■ What to do: From the first line to the last, reproduce the records below exactly, omitting any picture.

Data for this task Start Marker

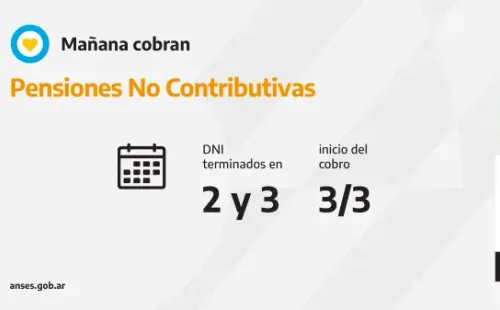 Pensiones No Contributivas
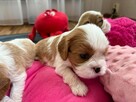 Cavalier King Charls Spaniel FCI - 3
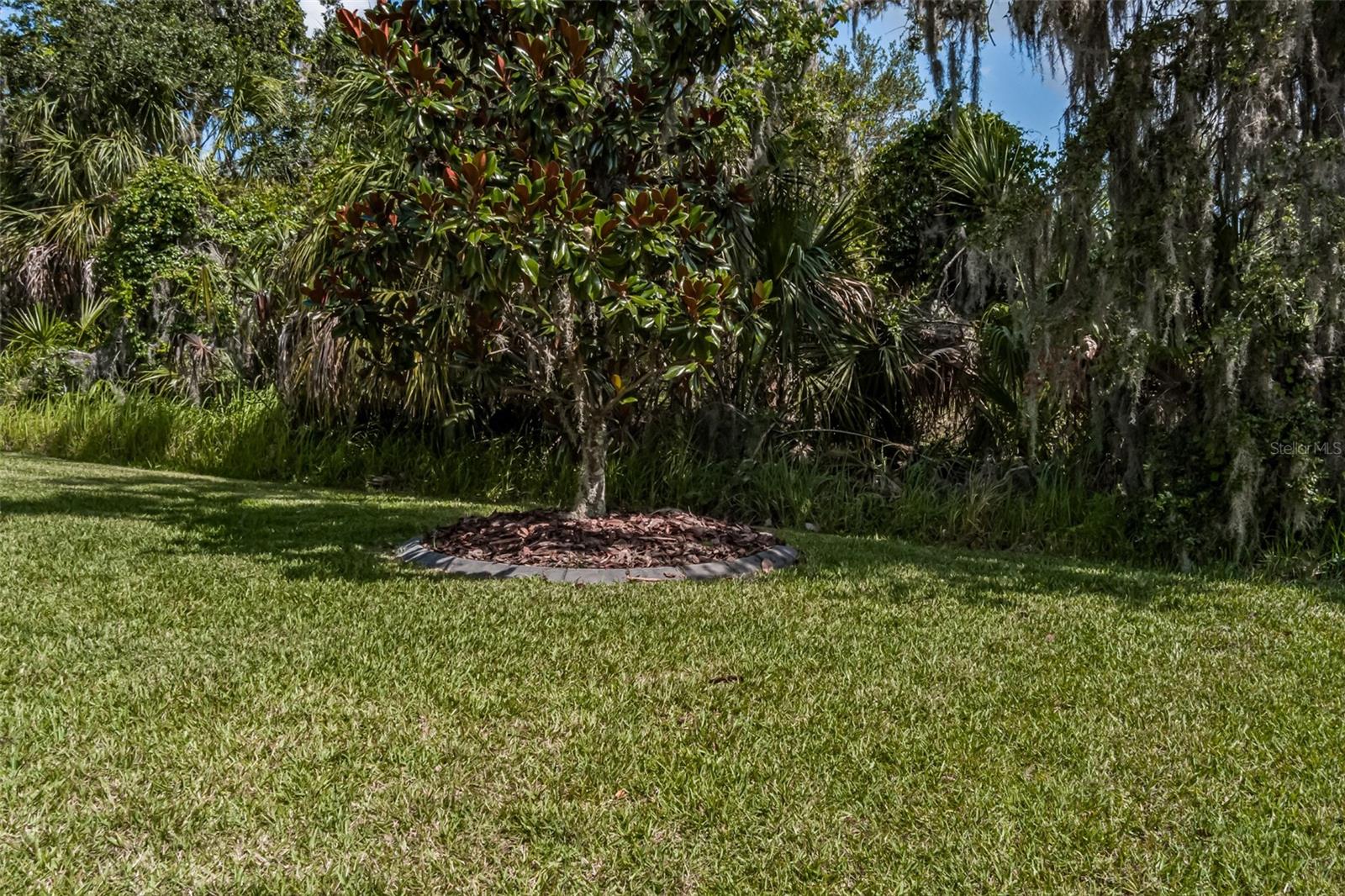 7312 Mill Hopper Court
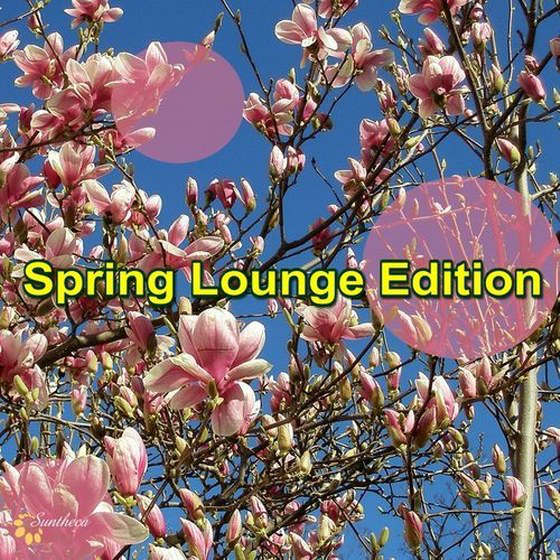 скачать Spring Lounge Edition (2012)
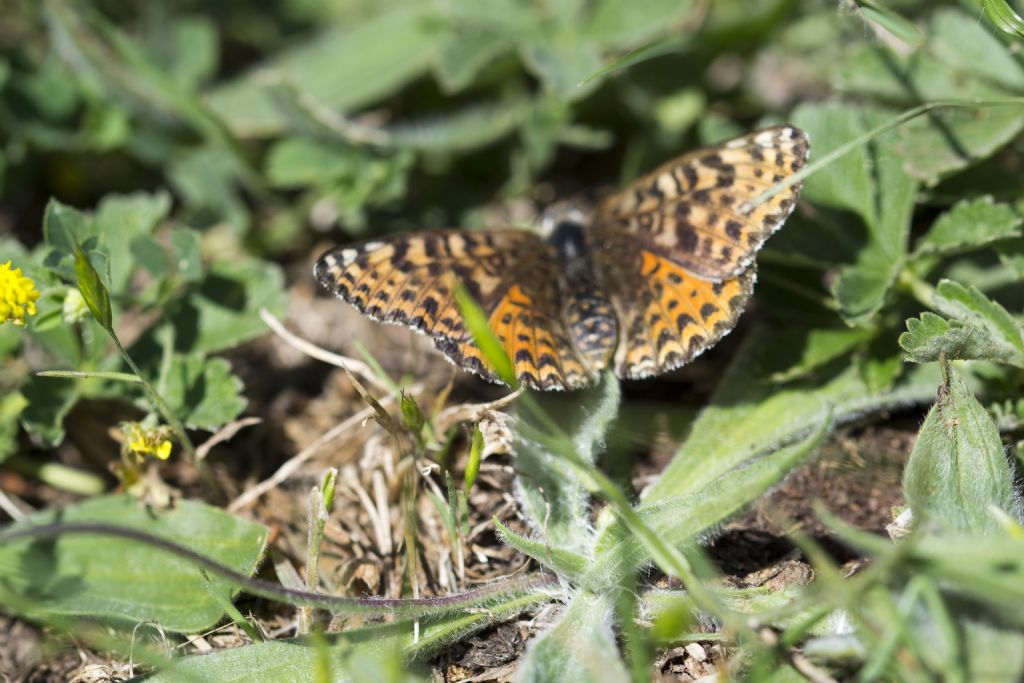 Conferma Melitaea didyma femmina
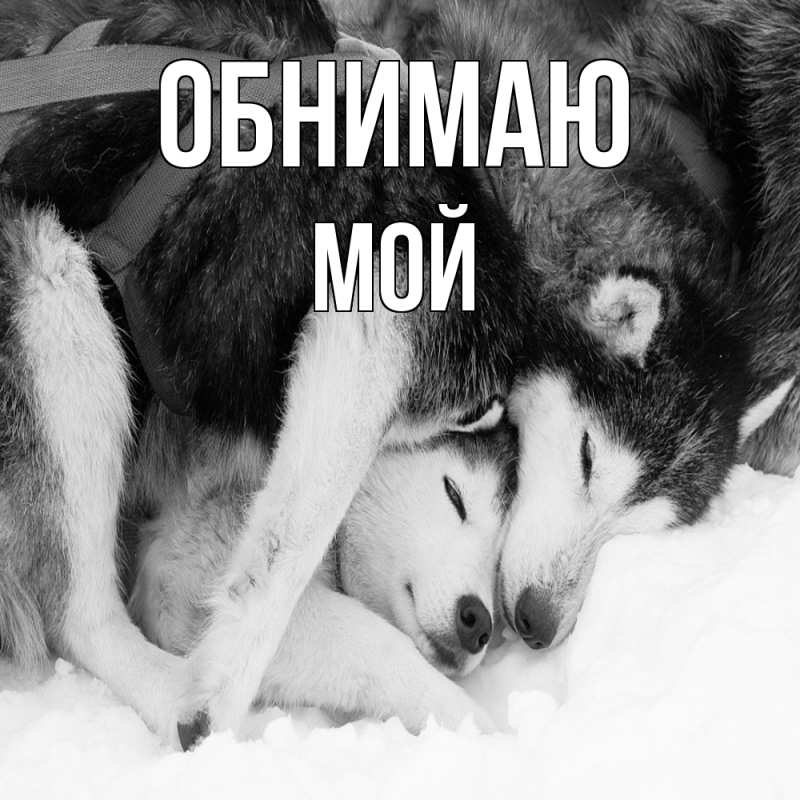 Картинка Обнимаю, Мой
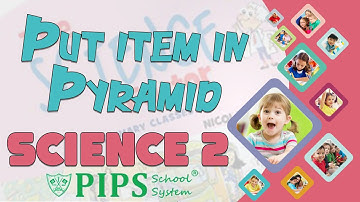 Grade 2 Science Put the item in pyramid according to their importance in our diet by PIPS School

Data for this task End Marker

■ Written answer:
 Pensiones No Contributivas
 Cavalier King Charls Spaniel FCI - 3
 7312 Mill Hopper Court
 скачать Spring Lounge Edition (2012)
 Conferma Melitaea didyma femmina
 Картинка Обнимаю, Мой
 Grade 2 Science Put the item in pyramid according to their importance in our diet by PIPS School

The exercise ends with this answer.